While they've petitioned for years to get their new building, parents said Thursday's showing of support kicked off a lengthy effort of pressuring the county commission and the school board to fund and build the new school, which has been promised but not delivered for years.

"This is our way of saying we're here and we're not giving up," said Jessica Thomas, who has one child at CSLA and another who will attend there in a few years.

Thomas said the coalition of parents wants the board to request funding from the county for the school in July so that construction can begin some time in 2014.

"Quite frankly, the parents have really just had enough," she said.

Because of its magnet status, CSLA is left with no natural political advocate. It officially falls within the boundaries of District 8 on the County Commission and school board. But it draws students from across the county. So securing a new school building there may not be viewed as a political victory as large as a new zoned community school in a politician's backyard.

"Since CSLA serves smaller portions of the entire county, our voice is weakened," said Principal Krystal Scarbrough.

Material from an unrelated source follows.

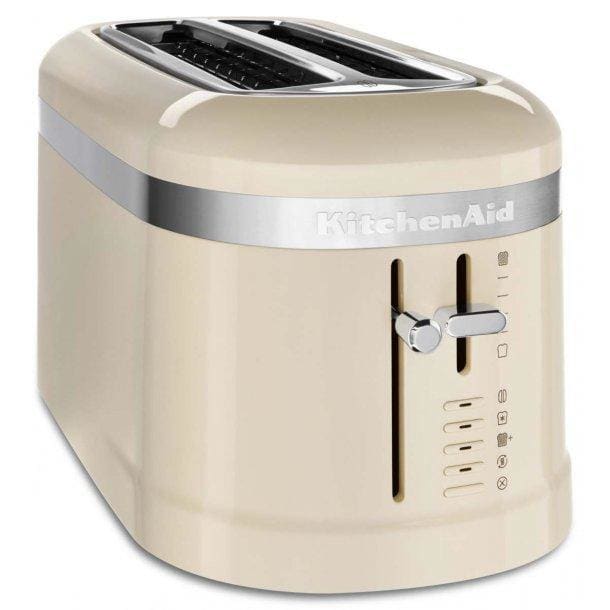 Artisan 4 Slice Toaster – Almond Cream – National Product Review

But board member David Testerman, who represents District 8, said he'll push for a new CSLA.

It's just that other projects, like a new Sale Creek Middle-High and a new Ganns Middle Valley Elementary may be equally deserving, he said. His daughter attended CSLA. And he formerly served as a principal at Ganns and Sale Creek. So Testerman says he's familiar with the physical problems and limitations of all three schools.

"We have to realize we need to do what's best for kids," he said. "We have tremendous needs across this county."